Non-Functional Requirements
Status: Final Version: 1.0
Purpose
Define performance, scalability, observability, backup, disaster recovery, and operational requirements for the ESG platform.
Performance SLAs
| Metric | Target | Measurement |
|---|---|---|
| API Response Time (p95) | < 500ms | GET requests, non-report generation |
| API Response Time (p99) | < 1s | GET requests |
| Submission Upload | < 2s | POST /api/v1/collector/submissions |
| Evidence Upload (10MB) | < 5s | POST evidence endpoint |
| Report Generation | < 5min | Async job, full GRI report (PDF) |
| Page Load Time | < 2s | Web dashboard (admin UI) |
Scalability Assumptions
| Dimension | v1 Assumptions | Scaling Strategy |
|---|---|---|
| Concurrent Users | 100 simultaneous collectors | Horizontal scaling (load balancer + multiple app servers) |
| Submissions/Day | 10,000 submissions | Queue workers scale horizontally |
| Data Volume | 100 GB/year (submissions + evidence) | S3 auto-scales, database vertical scaling |
| Tenants | 50 tenants | Multi-tenant DB with tenant_id sharding (vNext) |
Queue Configuration
| Queue Name | Worker Count | Memory Limit | Retry Limit | Timeout |
|---|---|---|---|---|
validations |
5 workers | 512 MB | 3 | 60s |
processing |
3 workers | 512 MB | 3 | 120s |
reporting |
2 workers | 1 GB | 2 | 600s (10 min) |
default |
2 workers | 256 MB | 3 | 90s |
Laravel Queue Worker Command:
php artisan queue:work redis --queue=validations,processing,reporting,default --tries=3 --timeout=90 --memory=512
Background Jobs
| Job | Schedule | Purpose |
|---|---|---|
EscalateOverdueReviewsJob |
Hourly | Flag reviews overdue by 3+ days |
MarkEvidenceForDeletionJob |
Daily (midnight) | Mark expired evidence (7+ years) |
GeneratePeriodicReportsJob |
Weekly (Sunday) | Auto-generate draft reports for open periods |
PruneAuditLogsJob |
Monthly | Archive audit logs older than 2 years to cold storage |
Observability
Logging
Laravel Log Channels:
- daily: Application logs (7-day rotation)

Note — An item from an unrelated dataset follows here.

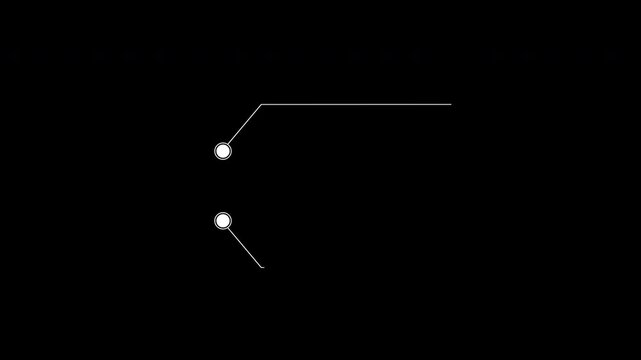 Futuristic cyan glowing HUD line callout animation with alpha channel. Minimal technology interface element designed for text highlighting. Clean modern motion. 4K Video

- errorlog: PHP errors, exceptions
- syslog: Critical errors sent to external SIEM
Structured Logging:
Log::info('Submission processed', [
'submission_id' => $submission->id,
'tenant_id' => $submission->tenant_id,
'state' => $submission->state,
'processing_time_ms' => $processingTime,
]);
Metrics
Laravel Telescope (Development/Staging): - Request/response logging - Query performance tracking - Job/queue monitoring
Production Monitoring (Prometheus + Grafana): - API response times (histogram) - Queue depth (gauge) - Submission throughput (counter) - Error rates (counter)
Key Metrics:
esg_submissions_total{state="approved"} 5000
esg_api_response_time_seconds{endpoint="/submissions",quantile="0.95"} 0.45
esg_queue_depth{queue="validations"} 12
Alerting
Alerts (PagerDuty/Slack): - API p95 latency > 1s for 5 minutes - Queue depth > 100 for 10 minutes - Error rate > 5% for 5 minutes - Disk usage > 80%
Backups
| Resource | Frequency | Retention | RTO | RPO |
|---|---|---|---|---|
| PostgreSQL | Continuous (WAL archiving) | 30 days | 1 hour | 5 minutes |
| S3 Evidence Bucket | Versioning enabled | 7 years | N/A (immutable) | Real-time |
| Application Code | Git (on push) | Indefinite | 15 minutes | N/A |
| Secrets | AWS Secrets Manager backup | 90 days | 30 minutes | N/A |
Database Backup:
# Automated via AWS RDS automated backups
# Snapshot retention: 30 days
# Point-in-time recovery (PITR): 5-minute granularity
Disaster Recovery
RTO & RPO Targets
- RTO (Recovery Time Objective): 4 hours (critical period: data collection deadlines)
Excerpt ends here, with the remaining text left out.